*** Begin section ***
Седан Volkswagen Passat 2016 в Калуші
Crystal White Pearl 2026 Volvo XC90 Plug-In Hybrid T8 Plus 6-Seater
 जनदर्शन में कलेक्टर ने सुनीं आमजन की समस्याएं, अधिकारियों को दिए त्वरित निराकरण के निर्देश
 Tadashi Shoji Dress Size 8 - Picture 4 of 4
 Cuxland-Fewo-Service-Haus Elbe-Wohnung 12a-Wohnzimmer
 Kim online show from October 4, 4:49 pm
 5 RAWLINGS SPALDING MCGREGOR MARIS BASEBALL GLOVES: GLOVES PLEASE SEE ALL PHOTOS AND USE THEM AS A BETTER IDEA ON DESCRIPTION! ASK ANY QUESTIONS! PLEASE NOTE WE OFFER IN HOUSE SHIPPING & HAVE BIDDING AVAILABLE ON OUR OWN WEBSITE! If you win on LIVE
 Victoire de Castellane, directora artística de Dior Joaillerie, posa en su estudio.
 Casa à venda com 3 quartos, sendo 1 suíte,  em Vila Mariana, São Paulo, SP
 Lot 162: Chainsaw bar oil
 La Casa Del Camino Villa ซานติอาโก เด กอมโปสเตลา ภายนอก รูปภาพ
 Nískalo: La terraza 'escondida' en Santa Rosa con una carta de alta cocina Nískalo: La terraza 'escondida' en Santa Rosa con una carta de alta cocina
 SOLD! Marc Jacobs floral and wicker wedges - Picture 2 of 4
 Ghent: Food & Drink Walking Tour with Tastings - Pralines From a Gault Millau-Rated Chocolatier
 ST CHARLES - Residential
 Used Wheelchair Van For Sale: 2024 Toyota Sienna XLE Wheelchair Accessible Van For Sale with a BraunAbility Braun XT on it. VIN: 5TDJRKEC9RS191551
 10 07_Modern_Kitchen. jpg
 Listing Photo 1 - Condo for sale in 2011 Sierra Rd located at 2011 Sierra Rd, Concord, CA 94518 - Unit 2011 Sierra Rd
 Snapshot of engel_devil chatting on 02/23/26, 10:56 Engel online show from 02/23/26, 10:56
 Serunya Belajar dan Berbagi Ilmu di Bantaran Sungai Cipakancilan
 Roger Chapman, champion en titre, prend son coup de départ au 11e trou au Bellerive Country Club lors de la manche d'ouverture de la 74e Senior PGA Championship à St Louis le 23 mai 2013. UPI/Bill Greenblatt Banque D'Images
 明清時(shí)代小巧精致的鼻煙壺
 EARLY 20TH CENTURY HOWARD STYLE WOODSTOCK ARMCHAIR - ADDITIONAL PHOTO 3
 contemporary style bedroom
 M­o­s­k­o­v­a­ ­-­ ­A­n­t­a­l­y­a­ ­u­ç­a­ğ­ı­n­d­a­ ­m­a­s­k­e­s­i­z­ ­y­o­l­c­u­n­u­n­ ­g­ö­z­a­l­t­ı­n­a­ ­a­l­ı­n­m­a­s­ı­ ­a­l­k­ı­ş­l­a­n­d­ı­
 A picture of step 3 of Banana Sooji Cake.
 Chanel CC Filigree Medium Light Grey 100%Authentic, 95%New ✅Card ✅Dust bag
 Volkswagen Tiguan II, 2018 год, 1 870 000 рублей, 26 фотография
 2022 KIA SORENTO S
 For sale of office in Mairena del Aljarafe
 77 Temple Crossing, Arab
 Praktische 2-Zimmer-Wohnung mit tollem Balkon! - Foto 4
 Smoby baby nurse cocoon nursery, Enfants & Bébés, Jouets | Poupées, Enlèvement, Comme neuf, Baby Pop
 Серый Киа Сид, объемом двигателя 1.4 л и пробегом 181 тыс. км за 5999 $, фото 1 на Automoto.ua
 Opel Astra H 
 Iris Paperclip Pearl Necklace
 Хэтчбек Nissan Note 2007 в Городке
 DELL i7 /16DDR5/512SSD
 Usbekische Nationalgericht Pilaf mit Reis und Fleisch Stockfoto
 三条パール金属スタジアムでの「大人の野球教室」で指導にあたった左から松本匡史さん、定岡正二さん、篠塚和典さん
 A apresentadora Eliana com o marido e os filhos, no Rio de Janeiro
*** End section ***
- **DESCRIPTION OF THE TASK**
Copying word for word, give each line of the data above from the first one through the line containing "Kim online show from October 4, 4:49 pm", and nothing else.

- **WRITTEN ANSWER**
Седан Volkswagen Passat 2016 в Калуші
Crystal White Pearl 2026 Volvo XC90 Plug-In Hybrid T8 Plus 6-Seater
 जनदर्शन में कलेक्टर ने सुनीं आमजन की समस्याएं, अधिकारियों को दिए त्वरित निराकरण के निर्देश
 Tadashi Shoji Dress Size 8 - Picture 4 of 4
 Cuxland-Fewo-Service-Haus Elbe-Wohnung 12a-Wohnzimmer
 Kim online show from October 4, 4:49 pm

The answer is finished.